La democracia contemporánea ha producido una sociedad que premia la superficialidad, la apariencia y el consenso inmediato. Ya no la verdad, sino la estética. Ya no la competencia, sino la popularidad. Un mundo donde la política se reduce a tertulias televisivas y los gobiernos a ejercicios de marketing. La lógica del voto universal ha vuelto irrelevante el conocimiento: la voz de quien ha estudiado y sacrificado una vida a la competencia vale exactamente lo mismo que la de quien nunca ha leído un libro.
Mientras tanto, los países que no se identifican con los modelos democráticos occidentales crecen, se fortalecen económicamente, invierten en investigación y ejercen influencia política y militar. Occidente, en cambio, permanece prisionero de una democracia que genera parálisis decisoria, donde gobiernos débiles se ven obligados a complacer a una opinión pública cambiante en lugar de perseguir estrategias a largo plazo, convirtiéndose así en una babel donde todo es confusión.
Es hora de decirlo con frialdad: la democracia no es un dogma. La selección de los gobernantes debería hacerse en función de la competencia, la preparación, la capacidad de visión y decisión, y no por el número de “me gusta” obtenidos o por la aprobación popular efímera. No se entrega un bisturí a un aficionado, no se confía la educación y formación de las futuras generaciones a un ignorante. ¿Por qué deberíamos seguir confiando el destino del mundo a quien simplemente sabe recolectar votos?

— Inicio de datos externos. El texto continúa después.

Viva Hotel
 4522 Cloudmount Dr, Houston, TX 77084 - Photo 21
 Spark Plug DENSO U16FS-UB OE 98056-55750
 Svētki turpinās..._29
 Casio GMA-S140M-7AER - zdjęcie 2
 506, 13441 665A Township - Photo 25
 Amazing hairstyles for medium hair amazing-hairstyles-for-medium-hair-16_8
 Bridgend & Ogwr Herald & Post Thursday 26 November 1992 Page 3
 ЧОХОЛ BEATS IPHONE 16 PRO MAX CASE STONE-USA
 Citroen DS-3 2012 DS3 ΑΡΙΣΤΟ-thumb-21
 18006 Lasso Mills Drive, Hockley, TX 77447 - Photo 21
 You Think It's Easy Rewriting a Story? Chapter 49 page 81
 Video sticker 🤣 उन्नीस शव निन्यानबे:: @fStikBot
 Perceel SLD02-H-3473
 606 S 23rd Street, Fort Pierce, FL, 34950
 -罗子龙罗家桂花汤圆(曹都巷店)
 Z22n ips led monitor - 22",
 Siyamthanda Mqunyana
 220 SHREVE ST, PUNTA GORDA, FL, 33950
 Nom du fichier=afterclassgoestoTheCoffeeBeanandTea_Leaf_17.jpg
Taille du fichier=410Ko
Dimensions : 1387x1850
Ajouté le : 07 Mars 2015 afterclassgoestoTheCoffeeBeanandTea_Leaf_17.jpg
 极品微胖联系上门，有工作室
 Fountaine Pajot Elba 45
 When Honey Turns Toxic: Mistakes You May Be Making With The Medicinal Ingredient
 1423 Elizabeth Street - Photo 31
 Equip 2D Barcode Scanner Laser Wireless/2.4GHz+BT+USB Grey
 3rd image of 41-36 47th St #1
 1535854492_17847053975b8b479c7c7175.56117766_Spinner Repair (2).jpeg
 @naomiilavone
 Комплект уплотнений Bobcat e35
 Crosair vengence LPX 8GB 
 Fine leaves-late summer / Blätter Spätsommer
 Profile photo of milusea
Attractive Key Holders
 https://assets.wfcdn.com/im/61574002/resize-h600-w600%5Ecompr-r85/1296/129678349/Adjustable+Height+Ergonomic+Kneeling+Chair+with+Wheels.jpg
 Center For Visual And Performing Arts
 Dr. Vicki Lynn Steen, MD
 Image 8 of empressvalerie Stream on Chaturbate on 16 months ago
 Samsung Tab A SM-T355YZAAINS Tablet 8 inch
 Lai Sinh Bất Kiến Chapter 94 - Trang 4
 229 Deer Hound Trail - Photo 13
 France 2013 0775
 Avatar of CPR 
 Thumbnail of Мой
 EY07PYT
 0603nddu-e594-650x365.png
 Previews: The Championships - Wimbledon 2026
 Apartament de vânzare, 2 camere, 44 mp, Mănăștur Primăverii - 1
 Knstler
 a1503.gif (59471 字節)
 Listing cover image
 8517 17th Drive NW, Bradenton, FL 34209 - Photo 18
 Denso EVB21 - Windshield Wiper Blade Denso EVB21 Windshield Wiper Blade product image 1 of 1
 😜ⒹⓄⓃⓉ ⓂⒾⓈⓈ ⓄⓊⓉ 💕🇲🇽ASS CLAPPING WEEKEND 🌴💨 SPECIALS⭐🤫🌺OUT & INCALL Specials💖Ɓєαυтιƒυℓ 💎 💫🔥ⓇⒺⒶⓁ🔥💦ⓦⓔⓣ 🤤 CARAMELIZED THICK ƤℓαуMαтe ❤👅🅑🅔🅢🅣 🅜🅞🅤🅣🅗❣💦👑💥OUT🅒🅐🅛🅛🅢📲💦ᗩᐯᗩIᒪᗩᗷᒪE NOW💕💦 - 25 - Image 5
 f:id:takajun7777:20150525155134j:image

Las democracias occidentales han agotado su impulso histórico. Nos han legado sociedades más frágiles, más superficiales y más débiles, dominadas por la ilusión de que todos tienen derecho no solo a hablar sino también a decidir. Ha llegado el momento de repensar radicalmente las formas de gobierno: no más el dominio de las masas, sino la dirección de élites seleccionadas; no la primacía de la cantidad, sino la de la calidad. No es una invitación a la tiranía, sino a la responsabilidad: el poder para quien sabe ejercerlo, no para quien grita más fuerte.